My card is a GeForce 6200 (that is supported by the driver).

The problem is:

 *Quote:*   

> (EE) NVIDIA(0): Failed to initialize the GLX module; please check in your X
> 
> (EE) NVIDIA(0): log file that the GLX module has been loaded in your X
> 
> (EE) NVIDIA(0): server, and that the module is the NVIDIA GLX module.

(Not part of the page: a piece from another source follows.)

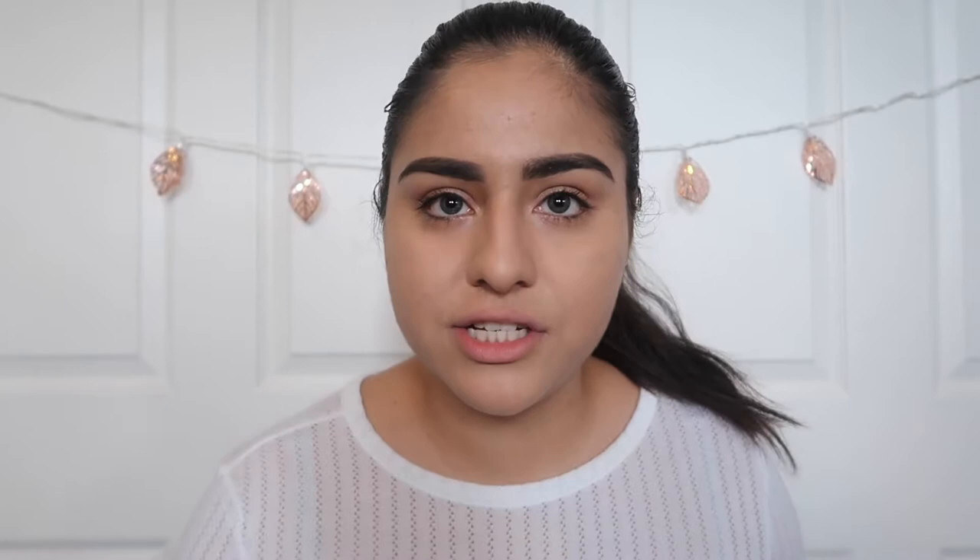I already went ahead and did my foundation. The foundation I use is the Fit Me Foundation by Maybelline, and I always use this one — it's really cheap. If you guys are looking for a good foundation for prom so it can last the whole night, I feel like this would be fine.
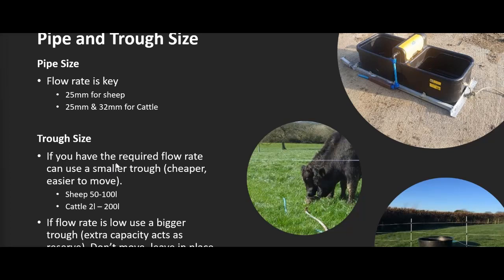On trough size: if you've got the required flow rate, you can use a smaller trough. For sheep, 50 to 100 litres will water up to 200 ewes and their lambs. For cattle, 2 litres to 200 litres — and 2 litres sounds small, but the KiwiTech Micro Trough is a phenomenal product that can water groups of cattle up to 50 head per trough. If the flow rate is too low, you use a larger trough and rely on the trough's capacity as a buffer or reserve — and if it's a larger trough, you'll probably leave it in place rather than moving it.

If
> ...

 

Any help will be appreciate!

----------

## bMd

is your nvidia module loaded?

```
#lsmod

Module                  Size  Used by

.

.

.

.

nvidia               6474852  24 

.

.
```

if not

```
#modprobe nvidia
```

----------

## ginsoak

sure it is!

```
>lsmod | grep nvidia

nvidia               6829780  18

i2c_core               11776  9 eeprom,it87,i2c_isa,i2c_viapro,nvidia,tuner,bttv,i2c_algo_bit,tveeprom

agpgart                18452  4 drm,nvidia,via_agp,amd64_agp

```

----------

## mr.smith

exactly same problem here, after an upgrade to xorg-server-1.3.0 I've got some complains about some glx stuff that didn't work.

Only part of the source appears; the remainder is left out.